15. The method of claim 14, wherein the carrier comprises:
a vegetal wax comprising cetyl palmitate, sorbitan palmitate and sorbitan olivate;
at least one derivative or extract of olives, selected from the group consisting of cetearylic ester derivatives, a sorbitan ester derivatives, and blends thereof; and olive oil.

16. The method of any of claims 14-15, wherein at least one of the oligopeptides is independently selected from the group consisting of acetyl hexapeptides.

17. The method of any of claims 14-16, wherein the least two oligopeptides are independently selected from the group consisting of acetyl hexapeptide-1, acetyl hexapeptide-7, acetyl hexapeptide-8, acetyl hexapeptide-19, acetyl hexapeptide-20, acetyl hexapeptide-22, acetyl hexapeptide-24, acetyl hexapeptide-30, acetyl hexapeptide-31, acetyl hexapeptide-37, acetyl hexapeptide-38, acetyl hexapeptide-39, and acetyl hexapeptide-46, acetyl hexapeptide-49.

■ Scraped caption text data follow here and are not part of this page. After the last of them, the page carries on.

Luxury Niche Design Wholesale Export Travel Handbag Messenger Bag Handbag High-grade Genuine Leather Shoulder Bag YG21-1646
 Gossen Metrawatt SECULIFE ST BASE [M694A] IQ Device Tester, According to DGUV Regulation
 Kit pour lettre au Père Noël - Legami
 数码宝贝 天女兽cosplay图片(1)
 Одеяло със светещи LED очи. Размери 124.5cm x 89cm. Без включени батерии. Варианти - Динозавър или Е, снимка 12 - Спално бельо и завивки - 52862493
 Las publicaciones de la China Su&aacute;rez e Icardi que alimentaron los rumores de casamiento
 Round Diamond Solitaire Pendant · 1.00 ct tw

18. The method of any of claims 14-17, wherein the composition further comprises from about 0.1 to about 10 wt. % of an emulsifier, based upon the total weight of the composition.

19. The method of any of claims 14-18, wherein the composition exhibits a first viscosity under static conditions, a second, reduced viscosity when shear force is applied, and then, when the shear force is removed, the viscosity of the composition returns to the first viscosity, or to a viscosity that is substantially the same as the first viscosity.

20. A method for improving the barrier function of skin, the method comprising the step of contacting the skin with an effective amount of a composition comprising two or more oligopeptides in a cosmetically or pharmaceutically acceptable carrier, wherein the composition includes a liquid crystal network.